■ PROVIDED RECORDS ■

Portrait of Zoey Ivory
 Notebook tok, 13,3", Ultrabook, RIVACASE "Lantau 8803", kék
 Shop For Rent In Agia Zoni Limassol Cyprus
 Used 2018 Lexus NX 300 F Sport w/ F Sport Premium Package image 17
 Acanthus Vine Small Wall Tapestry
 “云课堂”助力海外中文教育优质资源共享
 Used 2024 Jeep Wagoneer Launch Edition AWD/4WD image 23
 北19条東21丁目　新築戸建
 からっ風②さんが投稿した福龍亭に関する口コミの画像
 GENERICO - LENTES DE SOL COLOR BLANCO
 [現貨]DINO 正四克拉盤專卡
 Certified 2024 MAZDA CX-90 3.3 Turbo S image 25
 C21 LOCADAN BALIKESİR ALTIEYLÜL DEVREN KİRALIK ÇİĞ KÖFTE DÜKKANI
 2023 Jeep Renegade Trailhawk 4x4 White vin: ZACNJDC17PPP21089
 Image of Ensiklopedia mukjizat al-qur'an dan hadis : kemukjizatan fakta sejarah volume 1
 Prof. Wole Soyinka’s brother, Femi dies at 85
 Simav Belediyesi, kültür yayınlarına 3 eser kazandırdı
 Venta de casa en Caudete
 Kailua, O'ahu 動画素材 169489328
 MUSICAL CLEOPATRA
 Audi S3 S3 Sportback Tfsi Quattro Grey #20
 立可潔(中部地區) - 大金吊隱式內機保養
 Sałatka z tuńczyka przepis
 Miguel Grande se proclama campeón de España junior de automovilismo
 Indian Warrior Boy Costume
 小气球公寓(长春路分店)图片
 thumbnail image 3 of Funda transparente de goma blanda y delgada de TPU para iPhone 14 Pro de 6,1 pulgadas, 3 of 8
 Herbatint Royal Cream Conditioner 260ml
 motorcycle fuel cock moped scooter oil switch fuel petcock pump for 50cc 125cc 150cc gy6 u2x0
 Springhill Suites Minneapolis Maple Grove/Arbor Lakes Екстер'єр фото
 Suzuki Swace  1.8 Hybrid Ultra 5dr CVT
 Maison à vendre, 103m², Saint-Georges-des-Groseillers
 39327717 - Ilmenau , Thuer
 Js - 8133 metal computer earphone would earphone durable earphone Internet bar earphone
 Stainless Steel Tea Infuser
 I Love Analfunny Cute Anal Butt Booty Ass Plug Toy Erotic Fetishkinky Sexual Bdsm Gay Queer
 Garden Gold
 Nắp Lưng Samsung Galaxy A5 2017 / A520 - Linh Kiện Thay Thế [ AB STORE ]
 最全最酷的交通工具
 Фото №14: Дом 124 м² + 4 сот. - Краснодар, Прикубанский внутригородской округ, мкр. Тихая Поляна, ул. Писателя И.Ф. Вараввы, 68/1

■ AIM OF THE TASK ■
With the line that has "小气球公寓(长春路分店)图片" as the first and the line that has "Js - 8133 metal" as the last, repeat exactly that run of lines above and no more.

■ PROBLEM SOLUTION ■
 小气球公寓(长春路分店)图片
 thumbnail image 3 of Funda transparente de goma blanda y delgada de TPU para iPhone 14 Pro de 6,1 pulgadas, 3 of 8
 Herbatint Royal Cream Conditioner 260ml
 motorcycle fuel cock moped scooter oil switch fuel petcock pump for 50cc 125cc 150cc gy6 u2x0
 Springhill Suites Minneapolis Maple Grove/Arbor Lakes Екстер'єр фото
 Suzuki Swace  1.8 Hybrid Ultra 5dr CVT
 Maison à vendre, 103m², Saint-Georges-des-Groseillers
 39327717 - Ilmenau , Thuer
 Js - 8133 metal computer earphone would earphone durable earphone Internet bar earphone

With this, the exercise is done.